Arts & Humanities Campus News

Book explores Appalachian foodways and its people

When one thinks of “traditional” mountain recipes, images of apple stack cake, leather britches and pickled watermelon may come to mind.

However, when Erica Abrams Locklear’s mother passed along a cookbook made and assembled by her grandmother, Locklear discovered recipes for devil’s food cake with coconut icing, grape catsup and fig pickles. Some recipes even relied on food products like Bisquick, Swans Down flour and Calumet baking powder.

In “Appalachia on the Table,” Locklear explores long-held preconceptions about Appalachian foodways and her own implicit judgements she’d made about her grandmother based on these preconceptions. The book argues that since the conception of Appalachia as a distinctly different region from the rest of the South and the United States, the foods associated with the region have often been used to socially categorize and stigmatize mountain people.

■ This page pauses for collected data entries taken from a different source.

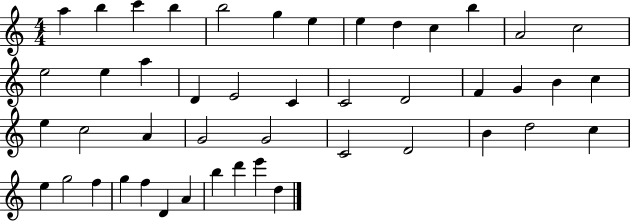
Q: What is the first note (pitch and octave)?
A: A5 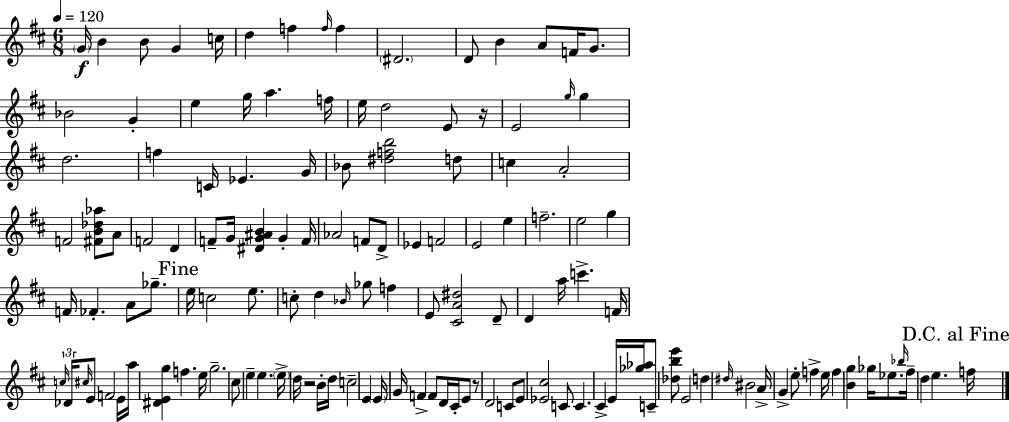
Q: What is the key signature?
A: D major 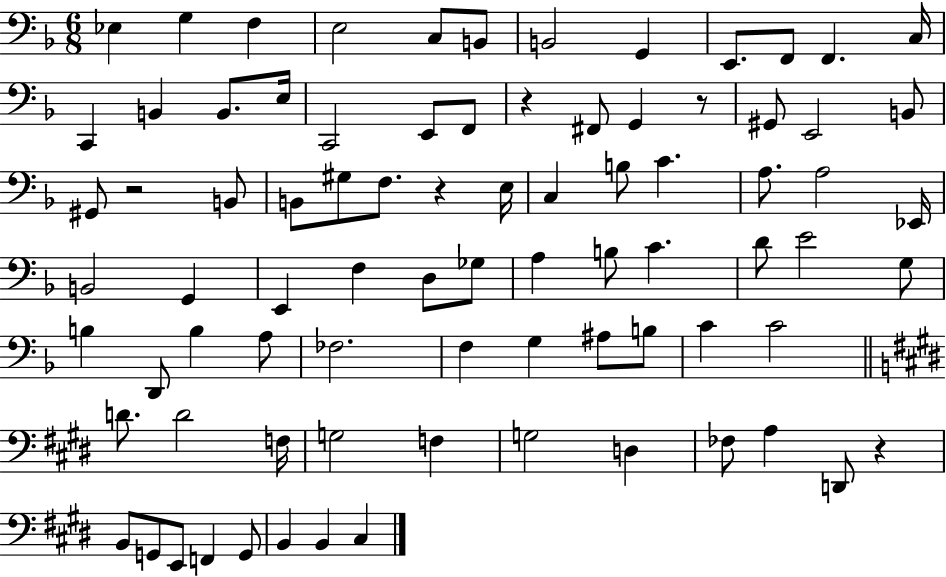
{
  \clef bass
  \numericTimeSignature
  \time 6/8
  \key f \major
  ees4 g4 f4 | e2 c8 b,8 | b,2 g,4 | e,8. f,8 f,4. c16 | \break c,4 b,4 b,8. e16 | c,2 e,8 f,8 | r4 fis,8 g,4 r8 | gis,8 e,2 b,8 | \break gis,8 r2 b,8 | b,8 gis8 f8. r4 e16 | c4 b8 c'4. | a8. a2 ees,16 | \break b,2 g,4 | e,4 f4 d8 ges8 | a4 b8 c'4. | d'8 e'2 g8 | \break b4 d,8 b4 a8 | fes2. | f4 g4 ais8 b8 | c'4 c'2 | \break \bar "||" \break \key e \major d'8. d'2 f16 | g2 f4 | g2 d4 | fes8 a4 d,8 r4 | \break b,8 g,8 e,8 f,4 g,8 | b,4 b,4 cis4 | \bar "|."
}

Locklear focuses on the representations of foods consumed, implied moral judgments about those foods and how those judgments shape reader perceptions. Through her analysis, Locklear asks, how did the dominant culinary narrative of the region come into existence and what consequences has that narrative had for people in the mountains?

Locklear will be discussing “Appalachia on the Table” with Josina Guess, senior writer for The Bitter Southerner, at the Special Collections Libraries Building on Sept. 21.